→ **What is expected**
Leave out the pictures and retype, exactly, the lines below from the line with "Segunda mano - Apartment" up to and including the line with "Orihuela Costa - Villamartín", nothing more.
BEGIN Data extract
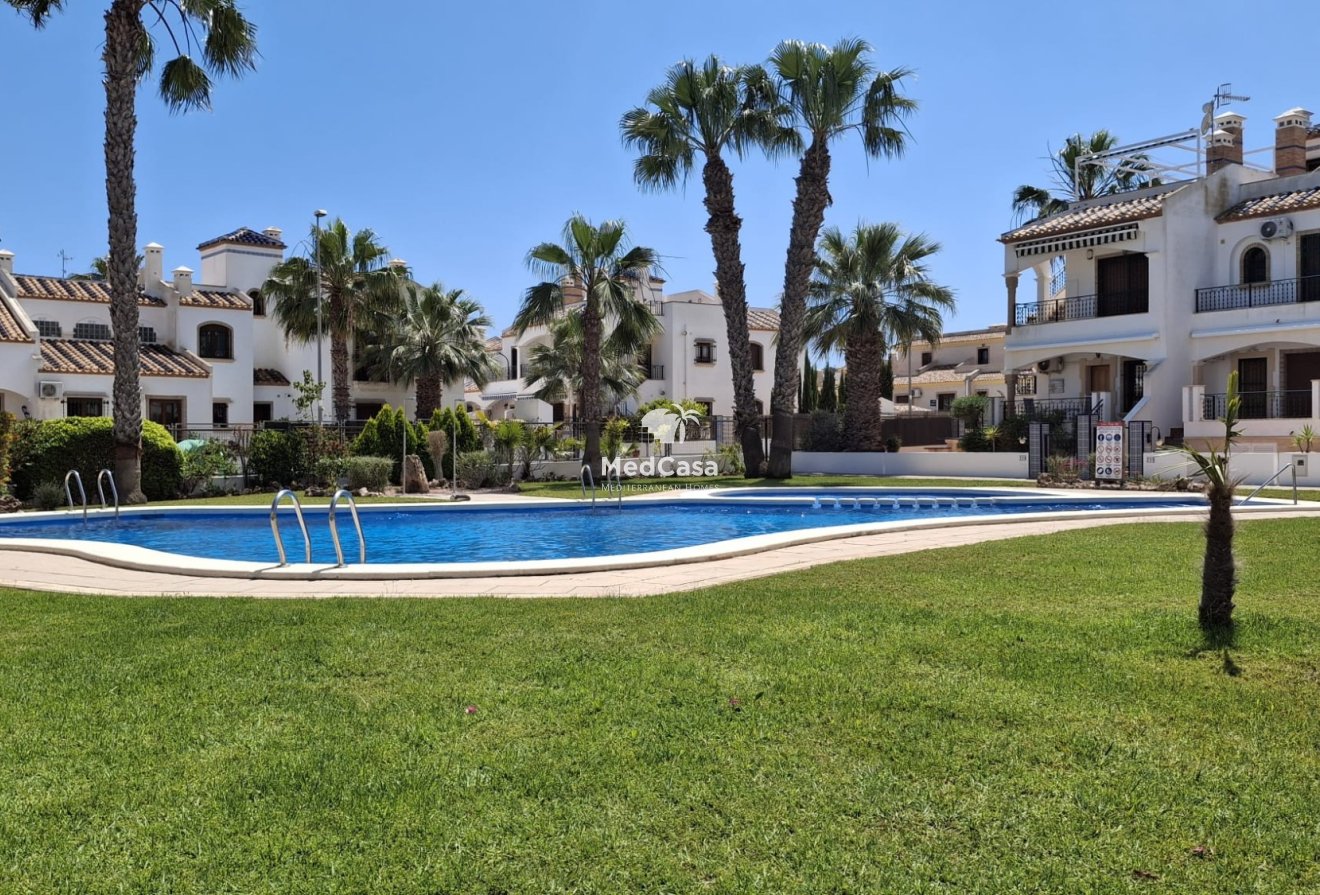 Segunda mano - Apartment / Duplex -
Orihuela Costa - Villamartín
END Data extract
BEGIN Data extract
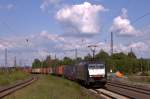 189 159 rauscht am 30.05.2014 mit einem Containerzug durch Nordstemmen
END Data extract
→ **Output for this exercise**
 Segunda mano - Apartment / Duplex -
Orihuela Costa - Villamartín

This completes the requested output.